The present invention relates to electronic musical instruments such as electronic wind instruments, electronic rubbed string instruments and electronic stringed instruments, and more particularly to electronic musical instruments capable of controlling parameters of a musical tone being produced in response to performance input operations such as breathing operation, lip operation and bow movement operation.
With a recent rapid development of electronic technology, there have been developed a wide variety of electronic musical instruments such as electronic wind instruments, electronic rubbed string instruments and electronic stringed instruments. In particular, electronic wind instruments are instruments capable of expressing musical tones in conformity with player's senses. In the electronic wind instruments, a breath sensor or a lip sensor provided on its mouthpiece portion translates breathing operation and lip operation of the player into electric signals, thereby allowing fine controls of sound volume and pitches of musical tones being electronically produced.
Such electronic wind instruments are described in, for example, U.S. Pat. No(s). 3,767,833, 2,138,500, 2,301,184, 2,868,876, 3,429,976, 3,938,419 and 3,439,106. In the electronic wind instruments of this type, tone-designating switches are disposed at a position where the player can easily put his fingers. The player designates one musical tone (musical interval) with a combination of a plurality of these depressed switches.
Further, in the electronic wind instruments, when breath intensity has become higher than a predetermined value, a musical tone having the designated pitch is output with volume corresponding to the breath intensity and the pitch of the musical tone is delicately changed in response to intensity of the lip operation.
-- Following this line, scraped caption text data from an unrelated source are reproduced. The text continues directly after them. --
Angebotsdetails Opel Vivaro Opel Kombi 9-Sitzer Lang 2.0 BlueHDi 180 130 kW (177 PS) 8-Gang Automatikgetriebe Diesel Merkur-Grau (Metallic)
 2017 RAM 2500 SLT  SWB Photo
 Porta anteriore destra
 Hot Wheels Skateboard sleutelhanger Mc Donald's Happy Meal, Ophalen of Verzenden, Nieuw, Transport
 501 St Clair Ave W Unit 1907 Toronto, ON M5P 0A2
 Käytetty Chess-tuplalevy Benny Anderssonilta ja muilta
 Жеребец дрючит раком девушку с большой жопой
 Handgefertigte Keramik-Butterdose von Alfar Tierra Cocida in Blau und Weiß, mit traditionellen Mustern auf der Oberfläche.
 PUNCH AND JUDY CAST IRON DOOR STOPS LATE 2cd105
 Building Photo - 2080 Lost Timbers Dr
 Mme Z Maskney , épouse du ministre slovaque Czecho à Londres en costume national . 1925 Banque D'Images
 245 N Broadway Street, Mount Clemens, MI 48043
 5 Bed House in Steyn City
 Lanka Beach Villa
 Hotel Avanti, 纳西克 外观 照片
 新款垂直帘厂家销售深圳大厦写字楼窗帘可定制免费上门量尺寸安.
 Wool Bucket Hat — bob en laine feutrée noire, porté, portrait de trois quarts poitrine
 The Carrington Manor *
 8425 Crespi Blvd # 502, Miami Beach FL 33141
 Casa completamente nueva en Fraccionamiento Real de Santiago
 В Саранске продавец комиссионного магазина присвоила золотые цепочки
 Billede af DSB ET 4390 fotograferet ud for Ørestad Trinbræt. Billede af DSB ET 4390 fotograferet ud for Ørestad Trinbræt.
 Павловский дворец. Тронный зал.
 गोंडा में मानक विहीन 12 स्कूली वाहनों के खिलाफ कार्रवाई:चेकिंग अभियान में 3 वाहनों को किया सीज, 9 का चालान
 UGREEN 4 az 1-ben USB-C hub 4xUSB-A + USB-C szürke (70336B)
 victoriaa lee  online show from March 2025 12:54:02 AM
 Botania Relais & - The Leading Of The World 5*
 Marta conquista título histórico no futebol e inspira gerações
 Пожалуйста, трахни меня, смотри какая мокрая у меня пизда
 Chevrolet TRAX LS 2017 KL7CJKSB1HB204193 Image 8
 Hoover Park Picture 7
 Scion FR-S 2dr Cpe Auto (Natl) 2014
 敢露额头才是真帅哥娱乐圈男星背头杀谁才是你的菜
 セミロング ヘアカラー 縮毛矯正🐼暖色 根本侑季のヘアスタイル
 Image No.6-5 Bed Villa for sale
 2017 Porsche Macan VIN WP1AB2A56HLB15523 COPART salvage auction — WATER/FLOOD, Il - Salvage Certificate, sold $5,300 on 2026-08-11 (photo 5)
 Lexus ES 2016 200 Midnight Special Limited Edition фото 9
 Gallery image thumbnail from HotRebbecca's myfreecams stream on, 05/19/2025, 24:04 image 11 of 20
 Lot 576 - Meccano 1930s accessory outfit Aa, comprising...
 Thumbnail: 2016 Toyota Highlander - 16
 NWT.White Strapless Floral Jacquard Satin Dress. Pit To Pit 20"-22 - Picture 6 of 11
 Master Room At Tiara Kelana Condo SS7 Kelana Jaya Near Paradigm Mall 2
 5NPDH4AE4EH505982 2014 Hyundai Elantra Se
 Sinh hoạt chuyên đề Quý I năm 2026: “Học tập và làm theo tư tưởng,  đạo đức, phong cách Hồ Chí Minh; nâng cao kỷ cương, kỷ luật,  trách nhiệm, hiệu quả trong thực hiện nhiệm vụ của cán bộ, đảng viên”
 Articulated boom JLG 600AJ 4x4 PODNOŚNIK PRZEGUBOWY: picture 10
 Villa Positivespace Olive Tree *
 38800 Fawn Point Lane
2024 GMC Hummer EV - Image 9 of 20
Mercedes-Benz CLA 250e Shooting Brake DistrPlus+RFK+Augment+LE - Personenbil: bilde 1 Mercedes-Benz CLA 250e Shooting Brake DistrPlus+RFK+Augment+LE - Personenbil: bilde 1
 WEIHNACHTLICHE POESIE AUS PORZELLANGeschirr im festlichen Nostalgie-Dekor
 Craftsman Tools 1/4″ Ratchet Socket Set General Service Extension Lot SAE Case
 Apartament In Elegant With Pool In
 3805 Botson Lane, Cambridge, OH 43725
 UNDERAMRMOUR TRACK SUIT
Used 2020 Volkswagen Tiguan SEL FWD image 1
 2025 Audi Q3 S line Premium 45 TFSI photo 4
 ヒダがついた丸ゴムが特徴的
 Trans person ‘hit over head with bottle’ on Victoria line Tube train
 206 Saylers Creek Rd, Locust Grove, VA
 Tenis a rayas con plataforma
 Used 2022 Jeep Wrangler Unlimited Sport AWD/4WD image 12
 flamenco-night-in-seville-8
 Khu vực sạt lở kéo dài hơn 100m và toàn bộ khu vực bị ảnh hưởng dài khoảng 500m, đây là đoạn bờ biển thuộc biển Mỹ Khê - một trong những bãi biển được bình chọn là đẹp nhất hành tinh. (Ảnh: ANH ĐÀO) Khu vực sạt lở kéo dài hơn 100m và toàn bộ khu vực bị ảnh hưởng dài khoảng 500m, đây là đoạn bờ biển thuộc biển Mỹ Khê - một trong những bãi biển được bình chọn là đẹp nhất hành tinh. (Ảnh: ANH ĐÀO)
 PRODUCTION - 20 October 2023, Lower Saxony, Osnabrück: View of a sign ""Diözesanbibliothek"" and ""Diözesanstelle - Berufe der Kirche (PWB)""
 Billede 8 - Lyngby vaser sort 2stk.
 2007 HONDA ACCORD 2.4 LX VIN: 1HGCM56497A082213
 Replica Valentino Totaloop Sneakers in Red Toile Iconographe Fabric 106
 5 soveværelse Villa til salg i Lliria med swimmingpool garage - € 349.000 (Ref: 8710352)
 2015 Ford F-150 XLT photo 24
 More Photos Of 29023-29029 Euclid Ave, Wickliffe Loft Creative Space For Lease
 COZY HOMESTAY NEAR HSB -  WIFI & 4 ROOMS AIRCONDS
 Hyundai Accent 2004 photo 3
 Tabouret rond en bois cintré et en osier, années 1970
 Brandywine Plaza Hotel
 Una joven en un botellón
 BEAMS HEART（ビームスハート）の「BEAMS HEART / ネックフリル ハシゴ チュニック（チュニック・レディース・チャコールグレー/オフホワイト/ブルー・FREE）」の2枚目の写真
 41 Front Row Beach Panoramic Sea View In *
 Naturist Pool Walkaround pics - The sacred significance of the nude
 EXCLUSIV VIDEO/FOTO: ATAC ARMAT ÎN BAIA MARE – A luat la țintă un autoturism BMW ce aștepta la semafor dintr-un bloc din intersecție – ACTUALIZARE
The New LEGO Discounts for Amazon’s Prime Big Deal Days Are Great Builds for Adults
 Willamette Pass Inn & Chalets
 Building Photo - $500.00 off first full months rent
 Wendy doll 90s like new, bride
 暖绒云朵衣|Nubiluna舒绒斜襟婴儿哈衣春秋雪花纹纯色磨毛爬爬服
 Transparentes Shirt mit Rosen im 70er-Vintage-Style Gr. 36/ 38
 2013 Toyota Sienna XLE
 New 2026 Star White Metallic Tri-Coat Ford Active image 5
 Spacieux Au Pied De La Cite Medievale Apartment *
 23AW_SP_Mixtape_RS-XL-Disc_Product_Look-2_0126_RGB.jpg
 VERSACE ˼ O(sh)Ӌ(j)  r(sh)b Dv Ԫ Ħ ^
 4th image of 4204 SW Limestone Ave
When an acoustic wind instrument is actually played, however, tone color of a musical tone is different at beginning of browing and stopping of browing, even though the same quantity of breath supply is blown through the instrument. And even in case that a certain tone pitch is designated, slight deviations from the above tone pitch can be caused. Also in the acoustic instrument, when the breath intensity is gradually increasing at the beginning of blowing, breath leaking sounds and white noise sounds are caused.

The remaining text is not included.